I pretty much fully agree with your assessment, with the caveat that I've seen a lot of folks really getting in to their Oculus Quests in a way that never happened for the tethered unit. I'm certain many would spend even more time using it if there was a larger software library.

(And yes, the success of the Quest genuinely surprised me, too. Having now gotten to play with one, I have to say tetherless with good controllers is the biggest single improvement in VR since the first modern headset.)

Yeah, I got to try the Quest as well, and it's what the experience should be like. No cables, no beacons, no markers, no nothing.

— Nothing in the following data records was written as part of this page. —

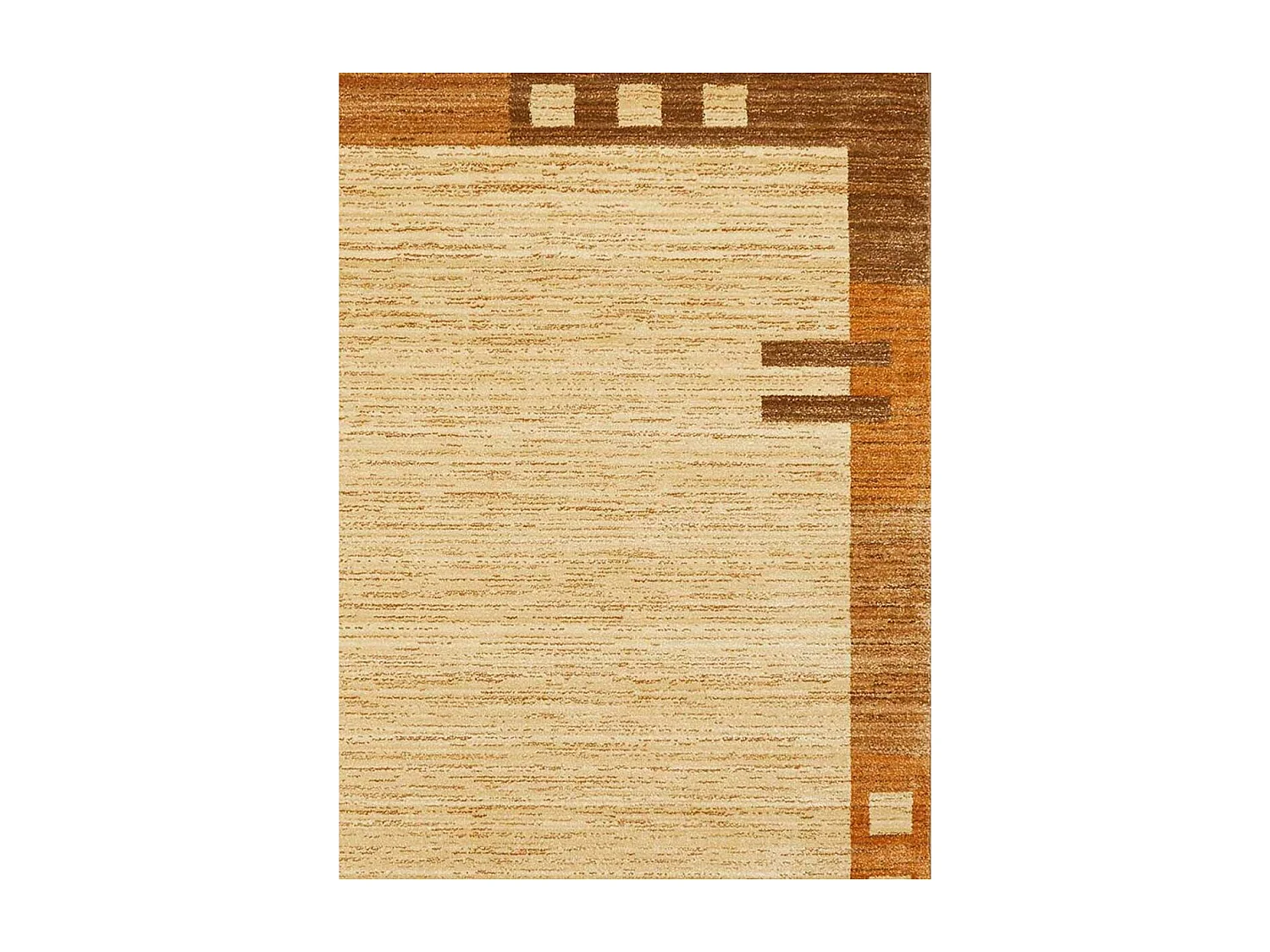 tapis salon 120x180 tissé beige rectangle motif simple CHOBAY 1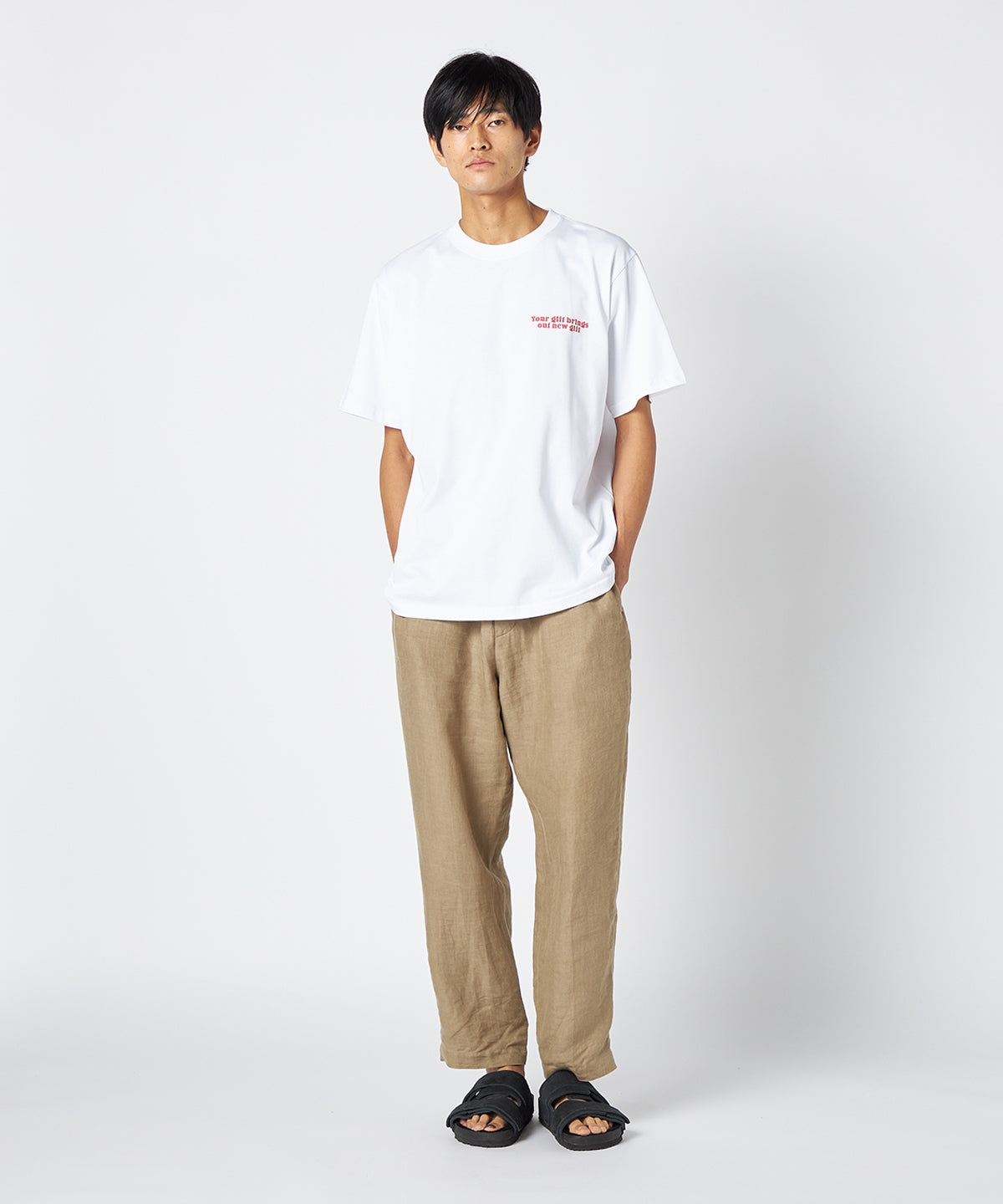 Lunch T-shirts GIFT MEET GIFT BLACK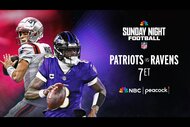 Drake Maye and Lamar Jackson will meet on Sunday Night Football: Patriots vs. Ravens LIVE at 7p ET on Peacock and NBC.
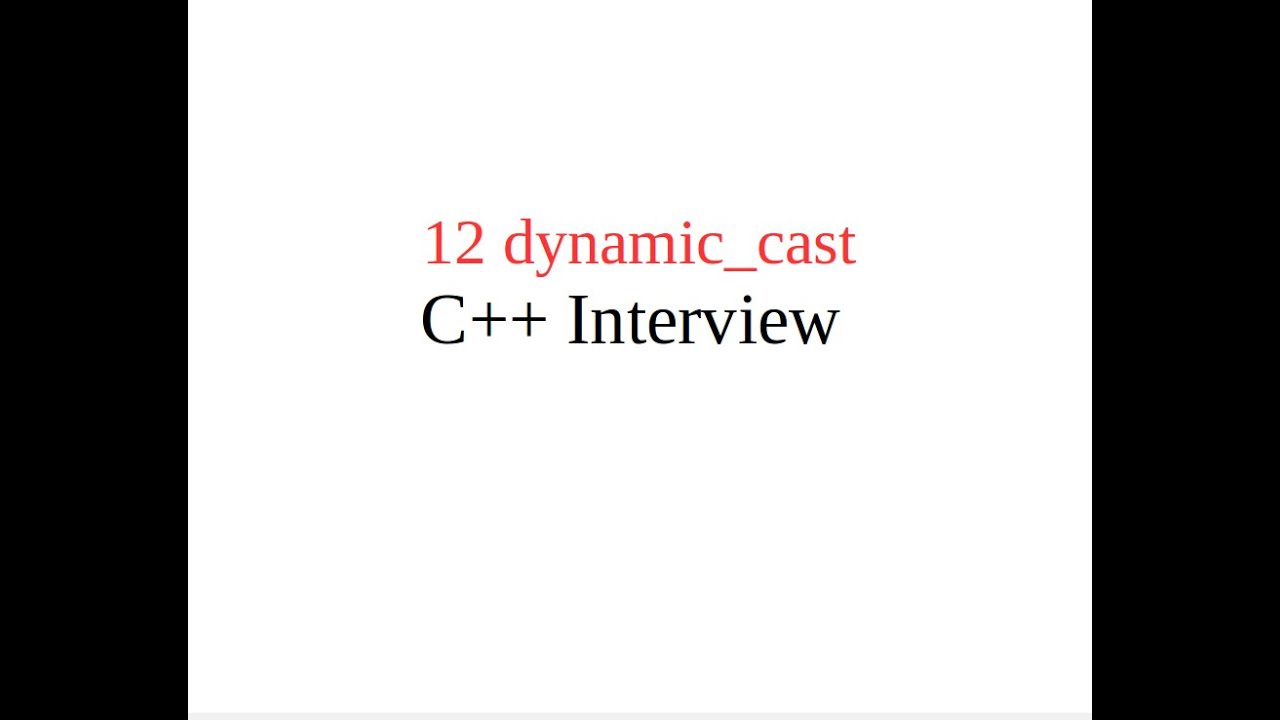 dynamic_cast C++ example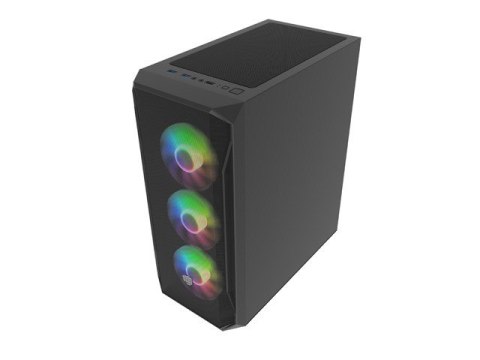 Fury Obudowa Fury Shobo SH4F RGB Midi Tower z oknem Czarna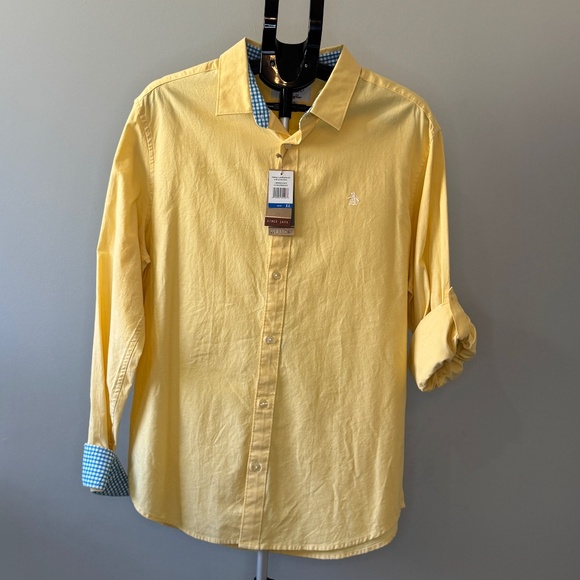 Original Penguin Heritage Slim Fit Button-Down Shirt – Dandelion Yellow – XL (NW - Picture 4 of 4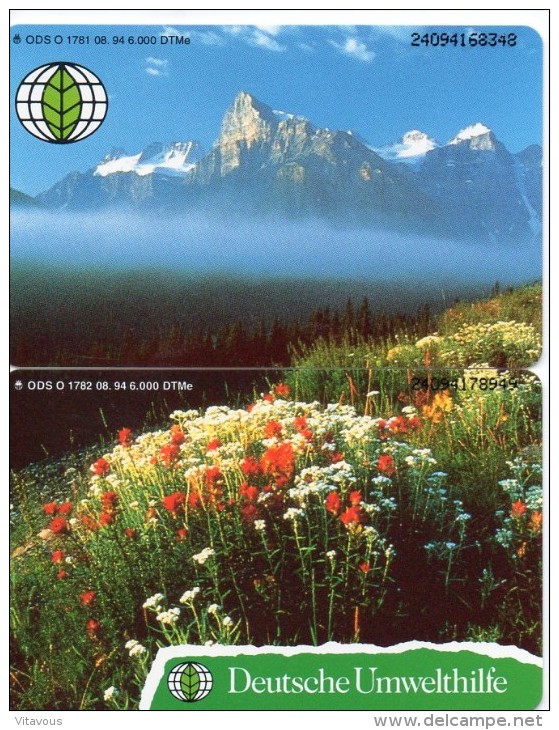 Montagne Fleur Puzzle Allemagne 5000 Exemplaires Télécarte Phonecard  P024 - O-Serie : Serie Clienti Esclusi Dal Servizio Delle Collezioni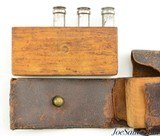Very Rare Roper Revolving Rifle Cartridge Blocks with Partial Leather Belt - 2 of 8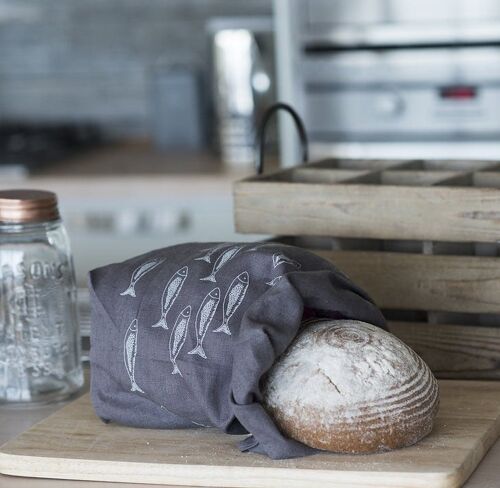 Fish Bread Bag - Pure Linen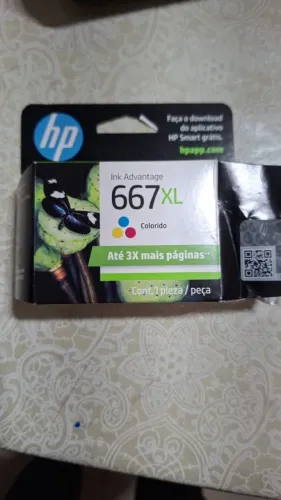 Cartucho HP 667 XL Colorido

But the resolution and framerate is too weak right now. Needs 8K in 60fps, so it's just a matter of time.

  • As someone else pointed out the framerate is already way past 60Hz.

    But is resolution that important? If had to list the areas where VR needed improvement it would be fairly low down my list. I'd put comfort and FOV higher and improving the screen door effect would also probably trump resolution.

    But I think none of these things are deal-breakers. Content is king as they say. Previous new media have not been held back by quality issues. Early consoles didn't suddenly leap into mass adoption when the graphics improved. Cinema didn't mature when film stock got better. It was content and people's awareness that changed.

  • Hopefully more than 60fps :) It's currently 72fps, and the Index is 120/144, which sounds close to ideal. I've been pretty happy with the Quest's 72 for now though.